Community Land Trust documents success

By John Briggs
Free Press Staff Writer
Friday, September 05, 2003

The Burlington Community Land Trust, chartered as a nonprofit corporation in 1984 to help those with low and moderate incomes buy homes, is accomplishing what it was set up to do, according to a land trust-commissioned study released this week.

The study, prepared by local development consultant John Davis and land trust staffer Amy Demetrowitz, scrutinized the Land Trust's records of the 259 single-family house and condominiums sold since 1984 -- all to first-time homebuyers -- and the 97 land trust properties that have been resold since 1988.

The homes were bought by families unable to put together the down-payments and mortgage payments to buy on the open market.

Brenda Torpy, Burlington Community Land Trust co-director, said the study demonstrated that land trust programs did not -- as some critics have charged -- interfere with open-market home sales. Two open-market real estate experts agree.

"I think the land trust provides a very good service," said David Gray, president of the 430-member Northwestern Vermont Board of Realtors. "I don't feel they compete with us. It offers a vehicle for people in a certain income level to get into a home, so it provides a valuable service."

Brad Chenette, president of the Vermont Real Estate Information Network, said the scale of land trust business is too small to have a noticeable impact on open-market sales.

He said 1,019 Chittenden County houses were sold at market rate in the past 12 months.

The study lists 44 land trust sales for 2002 in Chittenden, Franklin and Grand Isle counties: nine houses, 20 condominiums and 15 resales.

"I'm not aware of (the land trust's) detracting from typical business," Chenette said. "There's a need for certain buyers who don't qualify through regular financing, and it seems that the Land Trust fills that need."

A majority of the Land Trust properties went to families earning less than 80 percent of the area's median income, and all of the buyers over the years had a household income less than the median, the study said.

Though the median value of the Land Trust resold houses rose from about $35,000 in 1988 to slightly more than $80,000 in 2002, the houses remained affordable to low- and moderate-income households -- the average buyer of a resold Land Trust house over the years, the study found, had a household income of 69 percent of the area median income.

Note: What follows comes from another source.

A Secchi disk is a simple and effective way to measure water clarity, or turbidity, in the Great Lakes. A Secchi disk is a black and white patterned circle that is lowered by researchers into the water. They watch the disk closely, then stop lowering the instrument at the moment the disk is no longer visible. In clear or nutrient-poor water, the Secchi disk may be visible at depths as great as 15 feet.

Libby Davidson, a free-lance artist, and her husband, a garden manager, bought a Land Trust three-bedroom house in Colchester in 2002 with room enough for their two children and her artist's studio.

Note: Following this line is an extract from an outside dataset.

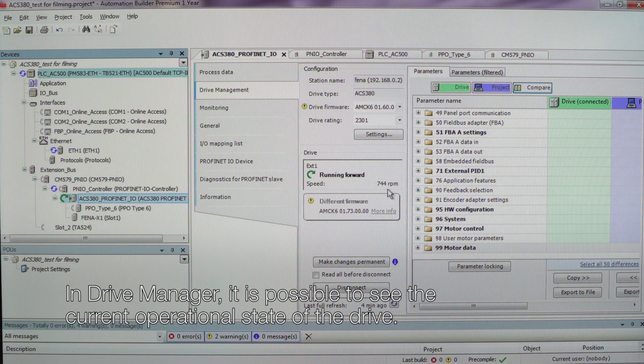In Drive Manager it is possible to see the current operational state of the drive.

"In our case," she said, "because of our income level, we wouldn't have been able to get into a house that would give us adequate space."

The couple had looked for a house on the open market, she said, but realized they could afford only a mobile home or a condominium smaller than the apartment they were trying to escape.

"It'd be great if we were earning enough to qualify on the open market," she said, "but it didn't take long to find it wasn't a reality for us."

The Land Trust, subsidized with money from the city, the Vermont Housing and Conservation Board and the U.S. Department of Housing and Urban Development, sells houses and condominiums cheaply -- at less than their appraised value. It retains title to the land.

When Land Trust buyers decide to sell, they earn a modest profit from the appreciated value of their property, the study said, recovering their downpayment and gaining an average of $6,184 in equity.

A majority of the 97 who sold their Land Trust homes moved into homes sold on the open market, the study found.